The data section start

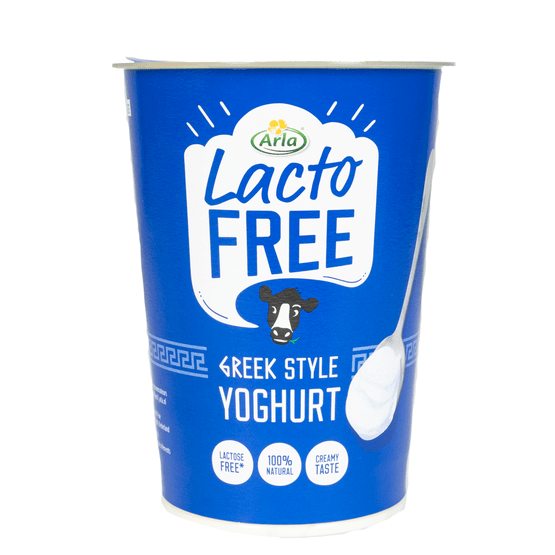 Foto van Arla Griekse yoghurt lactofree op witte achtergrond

The data section end
The data section start

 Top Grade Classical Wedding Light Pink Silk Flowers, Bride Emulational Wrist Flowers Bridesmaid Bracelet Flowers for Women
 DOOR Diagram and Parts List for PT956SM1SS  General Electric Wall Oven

The data section end
The data section start

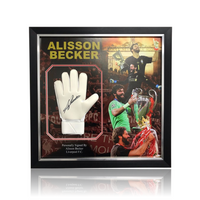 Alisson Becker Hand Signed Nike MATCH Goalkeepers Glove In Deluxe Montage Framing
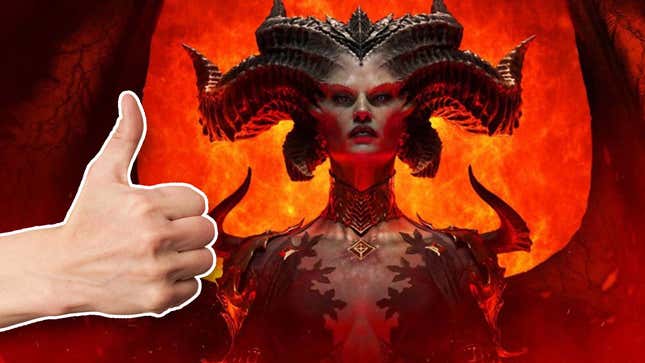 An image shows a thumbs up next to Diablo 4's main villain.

The data section end

Using the entries above, transcribe every line from the line containing "Alisson Becker Hand" through the line containing "An image shows". Do not copy pictures.

### Solution for this problem
 Alisson Becker Hand Signed Nike MATCH Goalkeepers Glove In Deluxe Montage Framing
 An image shows a thumbs up next to Diablo 4's main villain.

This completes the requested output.